*WHAT IS REQUIRED*: Starting with the line below that holds "Återförsäljning - Bungalow" and stopping after the line that holds "Orihuela Costa - Costa Blanca", transcribe the lines exactly, leaving out all pictures.

*INPUT FOR THIS TASK*:
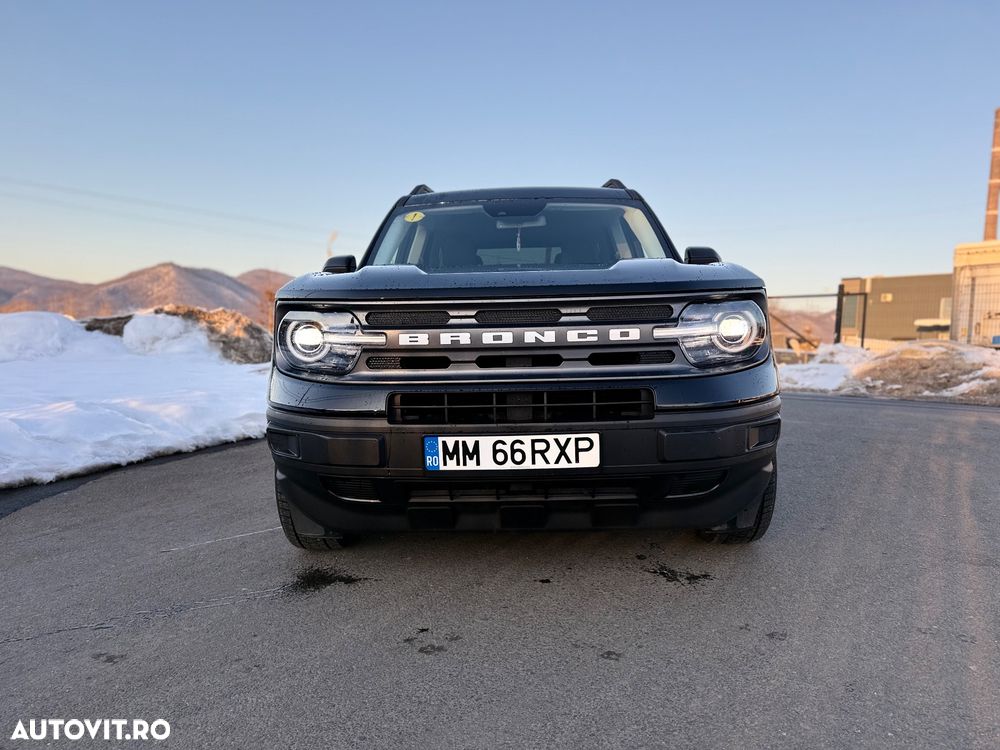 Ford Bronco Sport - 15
* * *
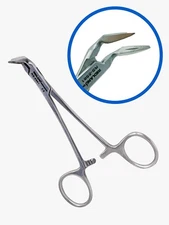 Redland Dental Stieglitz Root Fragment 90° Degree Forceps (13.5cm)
==
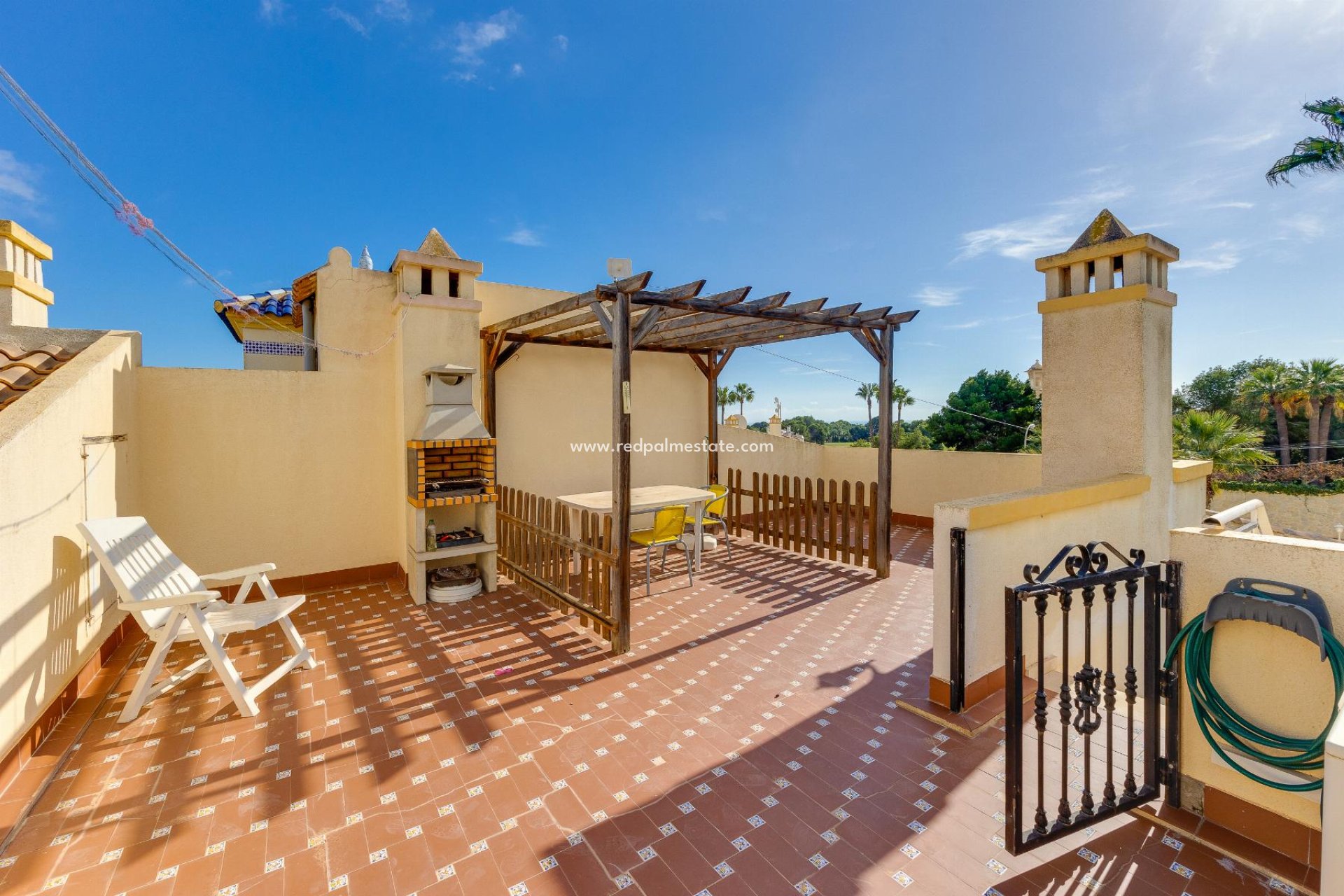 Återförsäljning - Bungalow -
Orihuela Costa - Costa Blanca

*ANSWER TO THE PROBLEM*:
 Återförsäljning - Bungalow -
Orihuela Costa - Costa Blanca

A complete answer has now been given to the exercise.